ASSIGNED TASK —
Set down each record below exactly as it stands. Pictures are not part of the copy.

*** Begin section ***

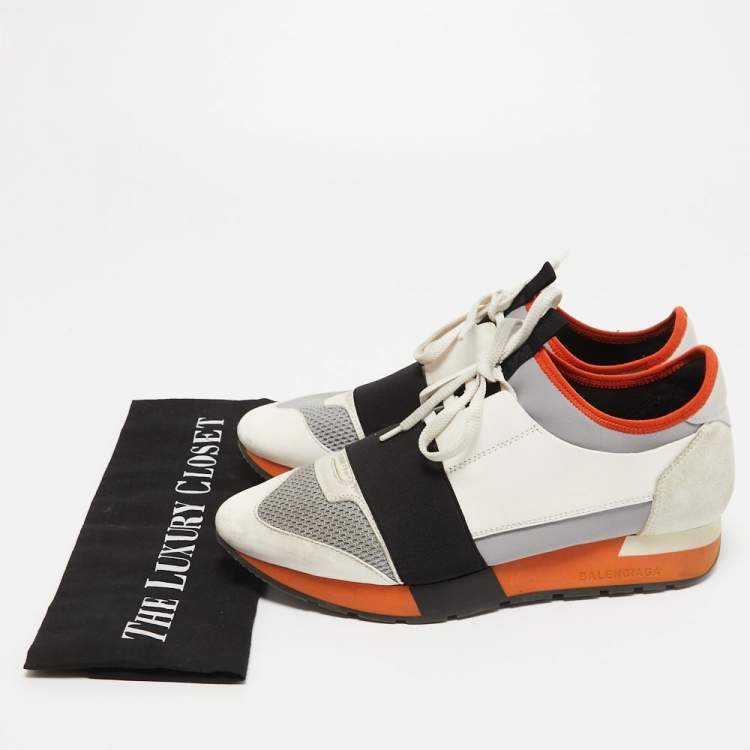Pre Owned Balenciaga Multicolor Leather, Mesh and Suede Race Runner Sneakers Size 38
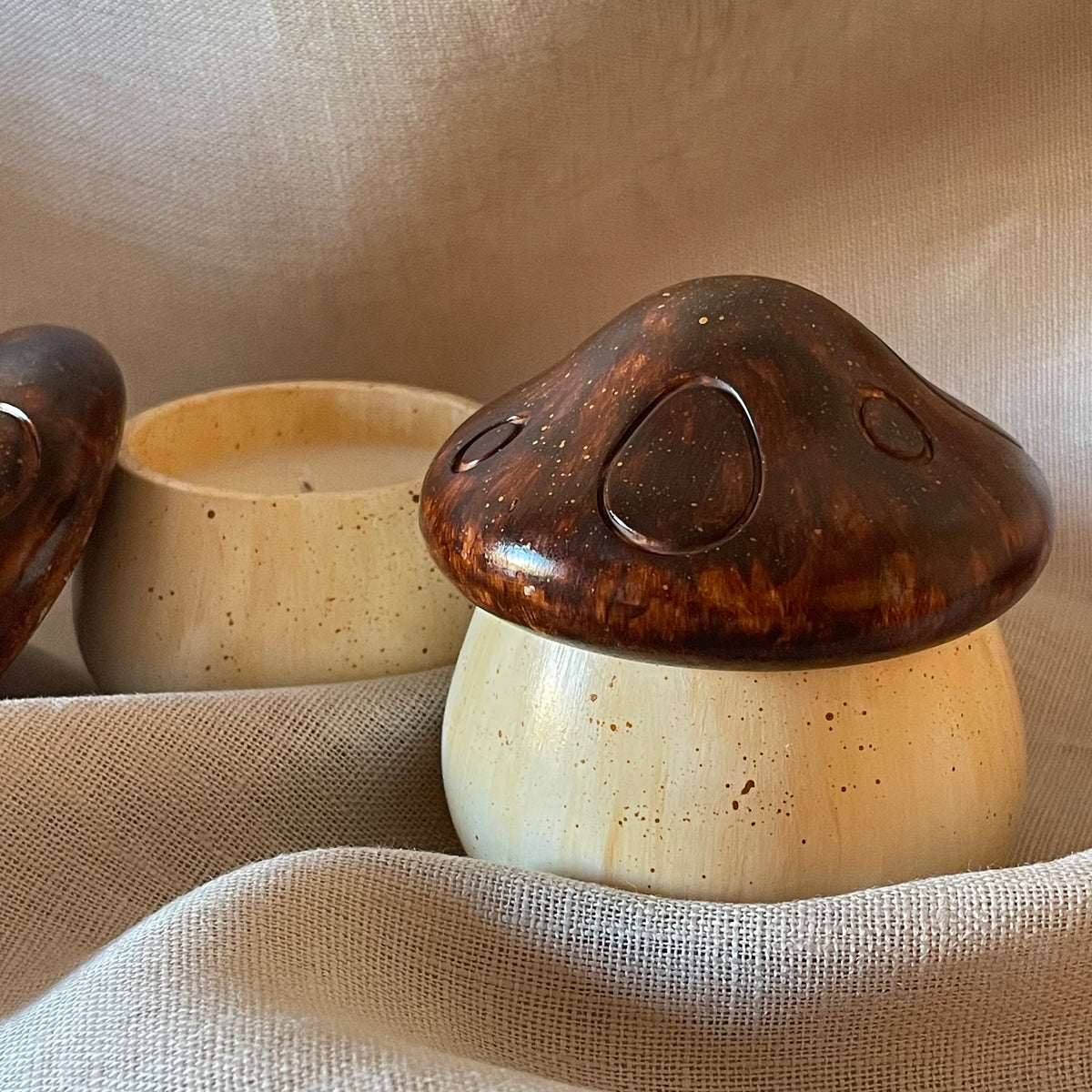 Vela Seta Otoñal — Vela Aromática en Recipiente de Yeso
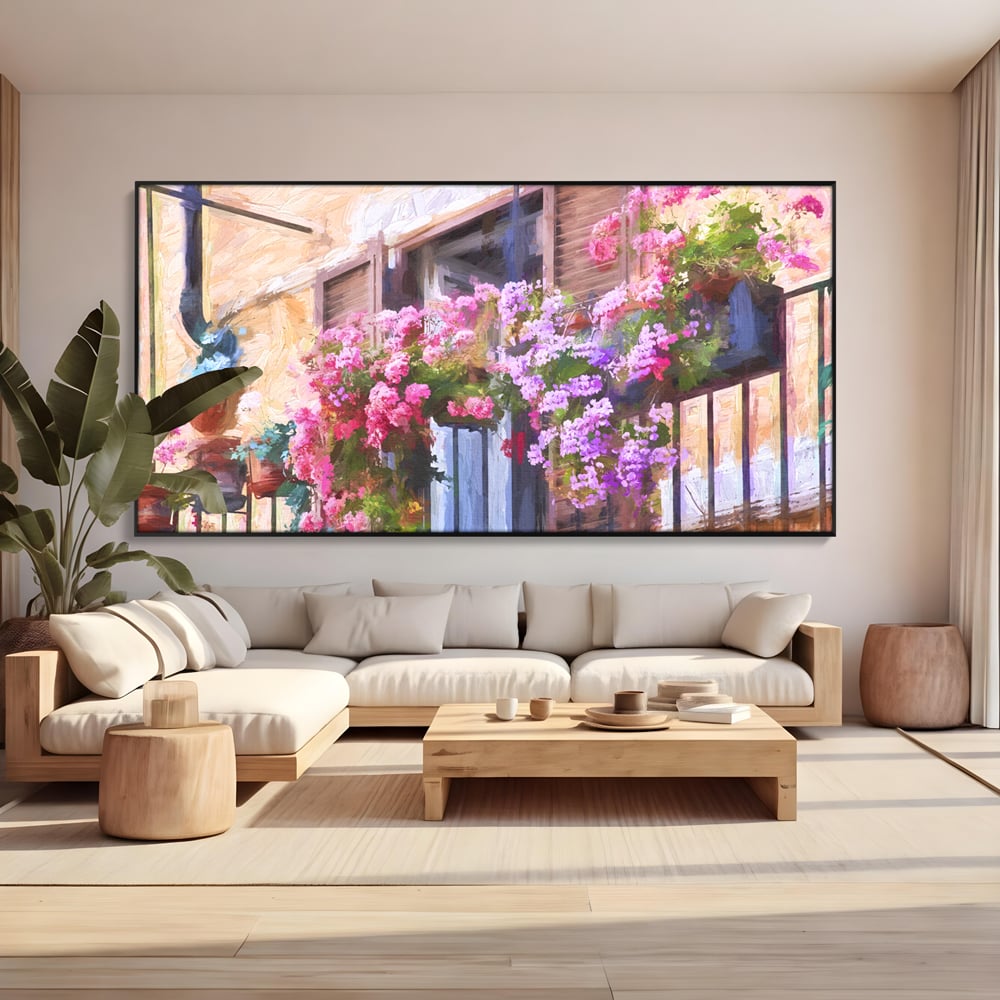 Tablou Canvas Premium LuxCanva® C1005, Balcon Cu Flori , Living, Strada, Vacanta, Flori, Balcon, Culori Vibrante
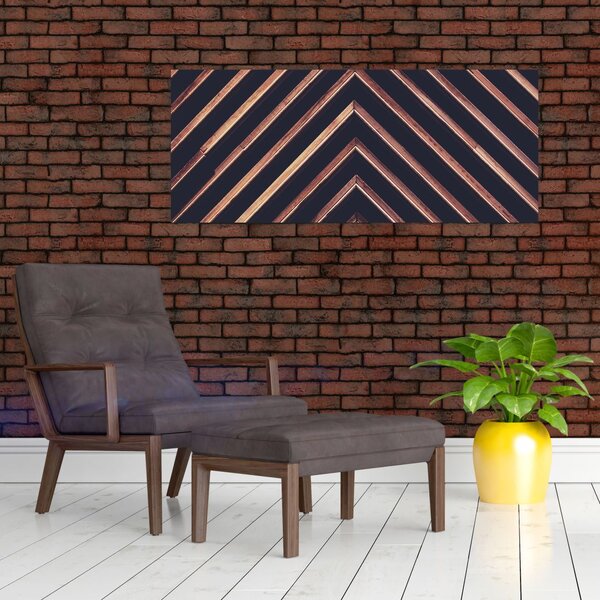 Slika drvenog motiva na crnoj pozadini (120x50 cm)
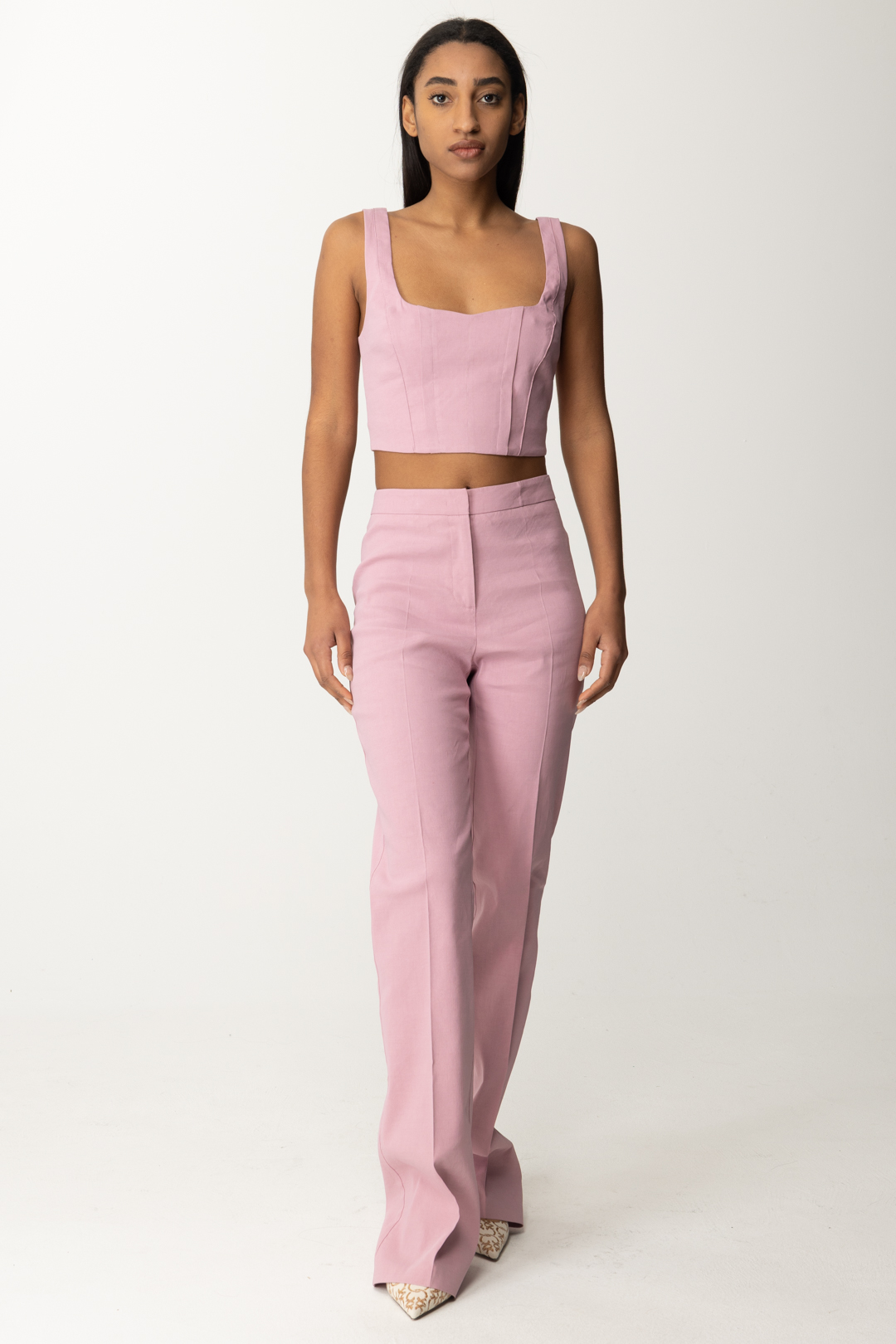 Preview: Pinko Flare linen blend trousers FUMO ORCHIDEA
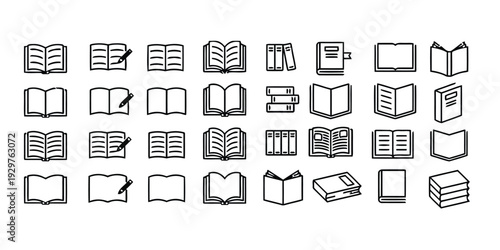 Open book and notebook vector line icons for education and reading design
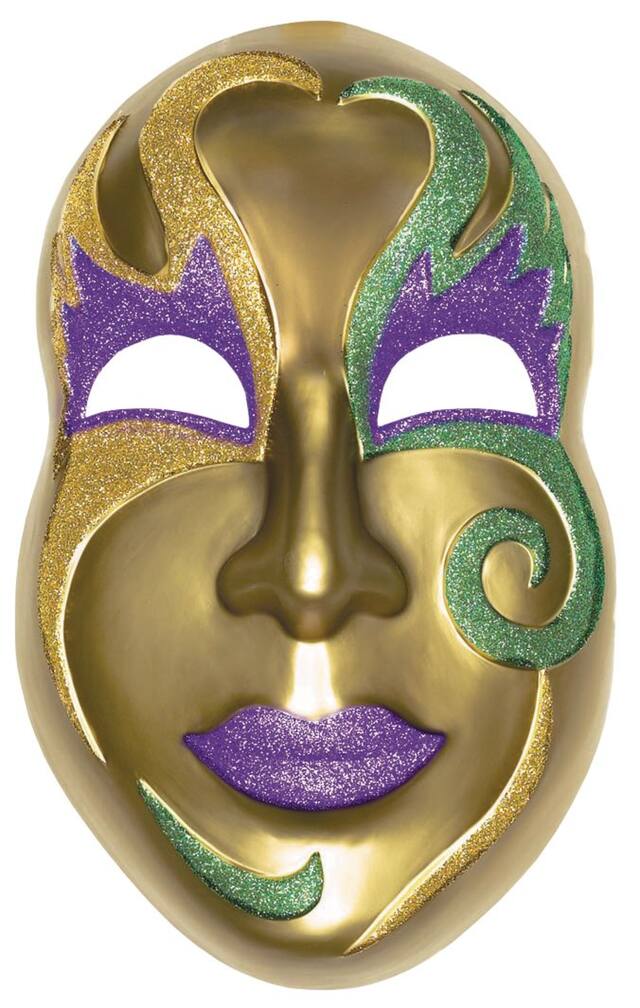 Masquerade Mask Decorative Mask, Gold/Purple/Green, 21-in, for Mardi Gras Front_Flat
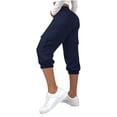 thumbnail image 4 of Lzobxe Fashion Plus Size Capris for Women Casual Color Elastic Loose Pants Straight Wide Leg Trousers with Pocket Cropped Pants for Women,Sizes S-2XL, 4 of 7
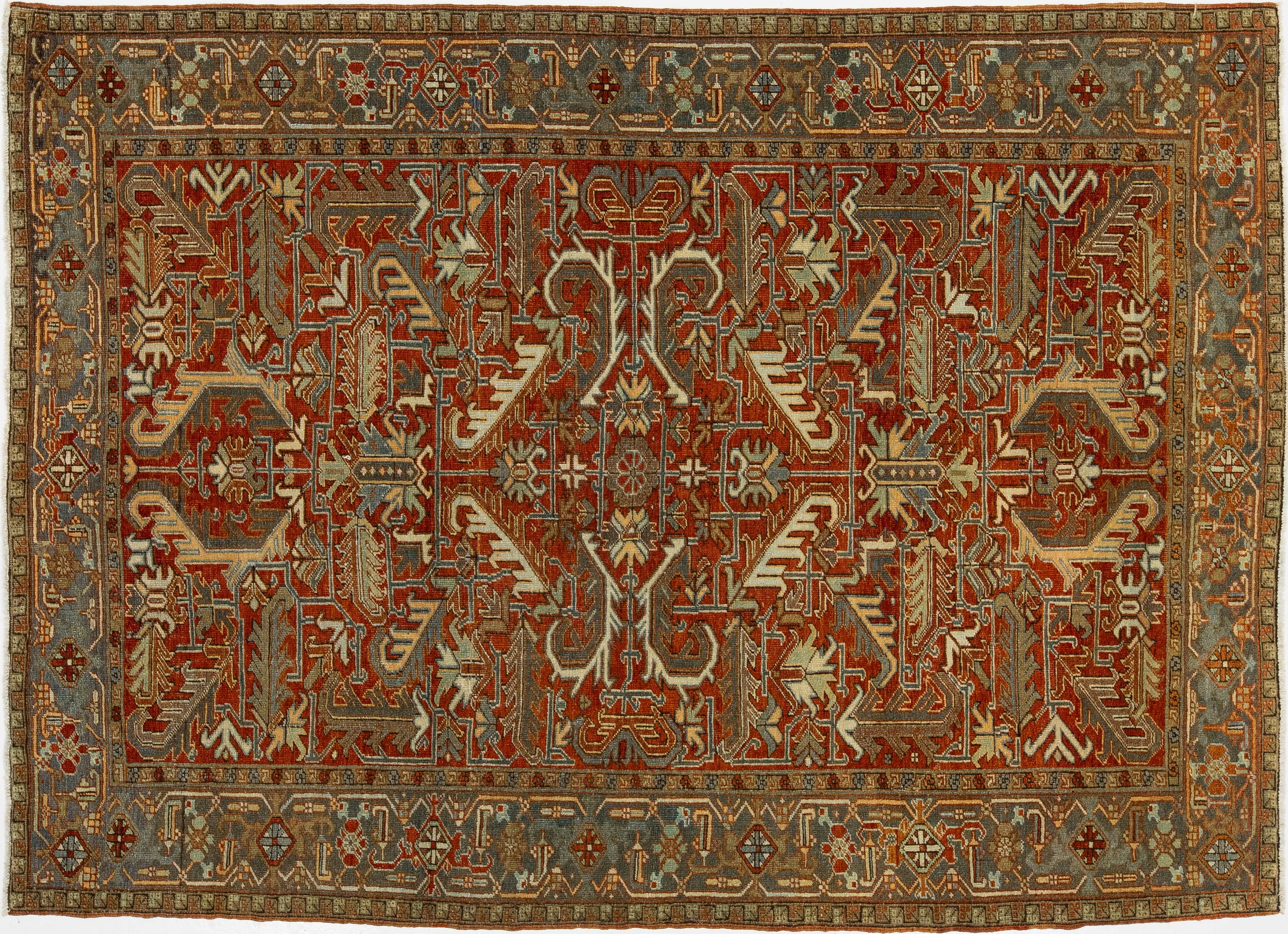 Antique Heriz Wool Rug 6 X 9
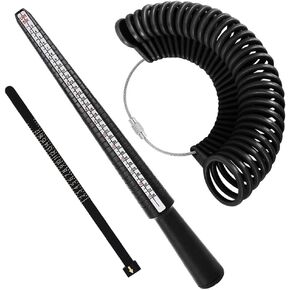 Accmor Ring Size Measuring Tool Includes Plastic Ring Sizer Mandrel Stick, Finger Sizing Ring Guage Measurer and 2 Pcs Finger Measure Tape for Women Men Jewelry Making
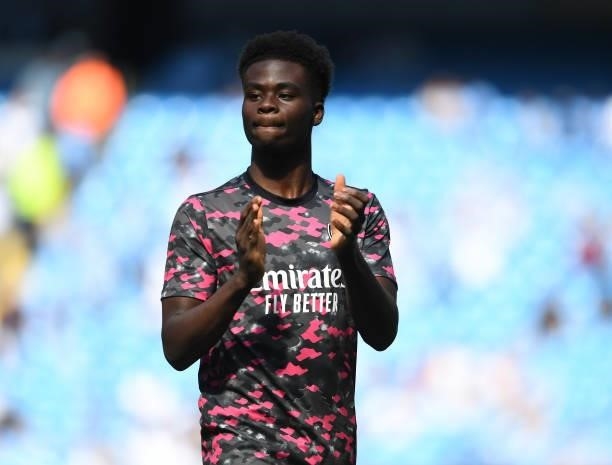Bukayo Saka of Arsenal before the Premier League match between Manchester City and Arsenal at Etihad Stadium on August 28, 2021 in Manchester,...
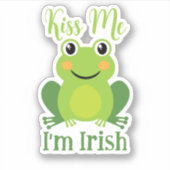 Ik ben Irish Green Frog St.Patrick's Day Sticker (Voorkant)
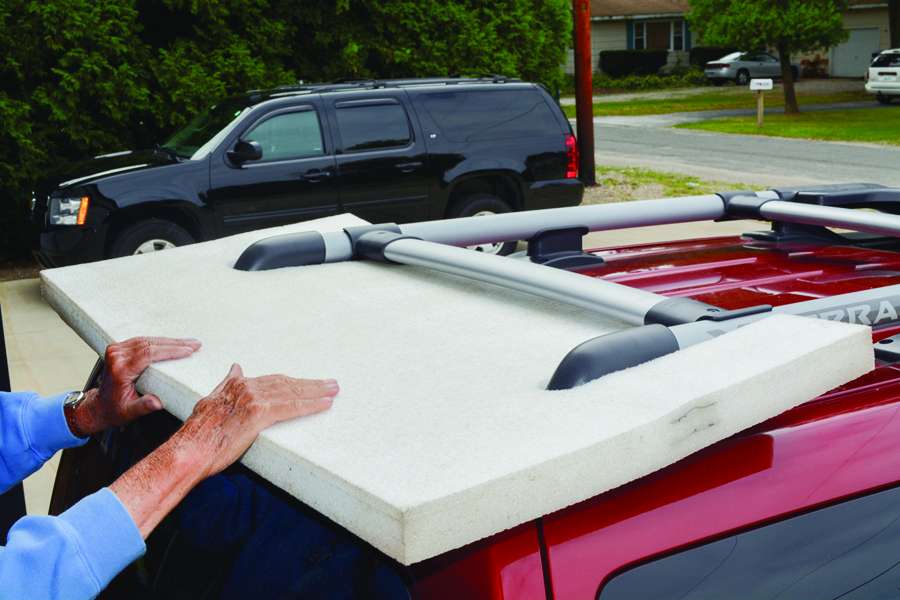 3. Slide the pad onto the roof and check for a perfect fit.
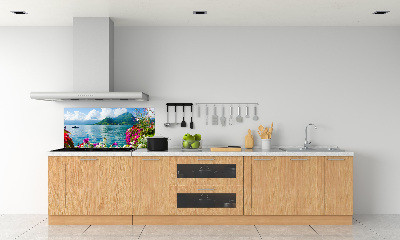 Panel lacobel Květiny nad jezerem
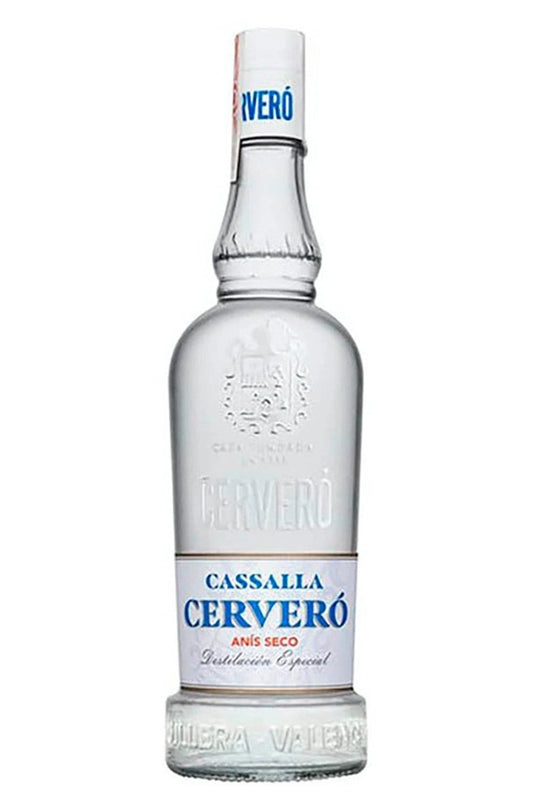 Botella de 1 litro de Anís Seco Cervero 46º, un anís seco español de alta calidad elaborado en Castilla-La Mancha. Ideal para disfrutar solo o con hielo. Presentado en botella de vidrio transparente.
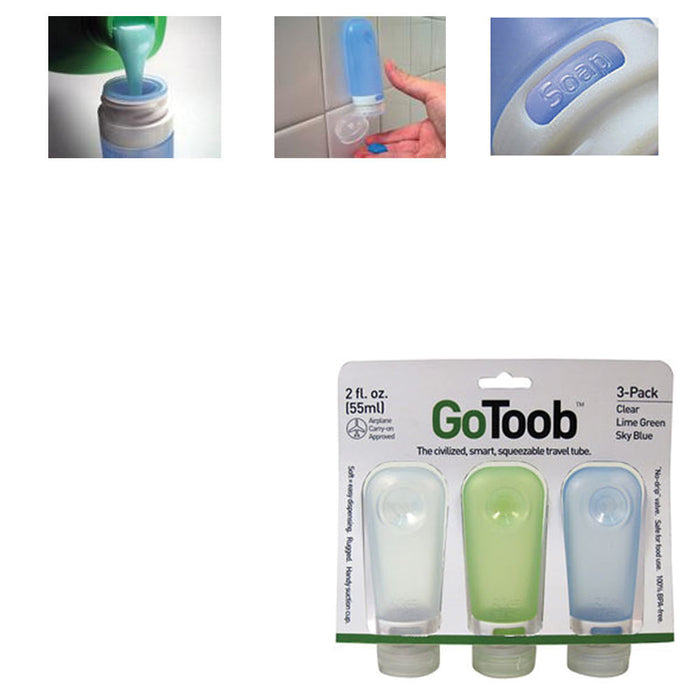 3 Travel Silicone Containers Leak Proof Squeeze Tube Bottle 2oz TSA Carry On New
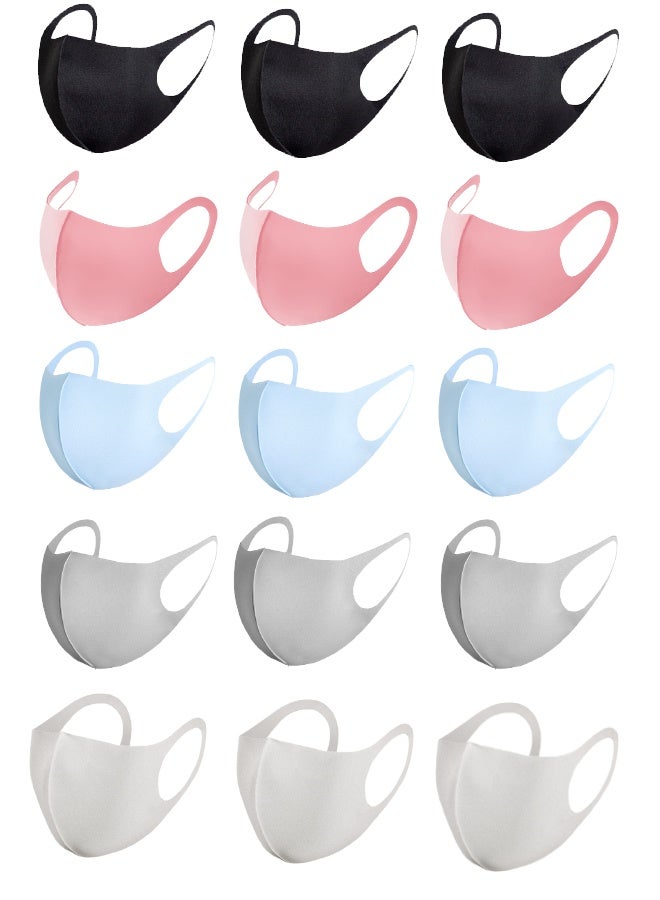 15-Pack Reusable Cloth Masks, Large Size, Washable, Breathable, UV Protection, Dust and Pollen Protection, Soft Against Skin, Unisex, Available in Black, Dark Pink, Blue, Gray, And Stone Gray - Image 1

*** End section ***

EXPECTED ANSWER —
Pre Owned Balenciaga Multicolor Leather, Mesh and Suede Race Runner Sneakers Size 38
 Vela Seta Otoñal — Vela Aromática en Recipiente de Yeso
 Tablou Canvas Premium LuxCanva® C1005, Balcon Cu Flori , Living, Strada, Vacanta, Flori, Balcon, Culori Vibrante
 Slika drvenog motiva na crnoj pozadini (120x50 cm)
 Preview: Pinko Flare linen blend trousers FUMO ORCHIDEA
 Open book and notebook vector line icons for education and reading design
 Masquerade Mask Decorative Mask, Gold/Purple/Green, 21-in, for Mardi Gras Front_Flat
 thumbnail image 4 of Lzobxe Fashion Plus Size Capris for Women Casual Color Elastic Loose Pants Straight Wide Leg Trousers with Pocket Cropped Pants for Women,Sizes S-2XL, 4 of 7
 Antique Heriz Wool Rug 6 X 9
 Accmor Ring Size Measuring Tool Includes Plastic Ring Sizer Mandrel Stick, Finger Sizing Ring Guage Measurer and 2 Pcs Finger Measure Tape for Women Men Jewelry Making
Bukayo Saka of Arsenal before the Premier League match between Manchester City and Arsenal at Etihad Stadium on August 28, 2021 in Manchester,...
 Ik ben Irish Green Frog St.Patrick's Day Sticker (Voorkant)
 3. Slide the pad onto the roof and check for a perfect fit.
 Panel lacobel Květiny nad jezerem
 Botella de 1 litro de Anís Seco Cervero 46º, un anís seco español de alta calidad elaborado en Castilla-La Mancha. Ideal para disfrutar solo o con hielo. Presentado en botella de vidrio transparente.
 3 Travel Silicone Containers Leak Proof Squeeze Tube Bottle 2oz TSA Carry On New
 15-Pack Reusable Cloth Masks, Large Size, Washable, Breathable, UV Protection, Dust and Pollen Protection, Soft Against Skin, Unisex, Available in Black, Dark Pink, Blue, Gray, And Stone Gray - Image 1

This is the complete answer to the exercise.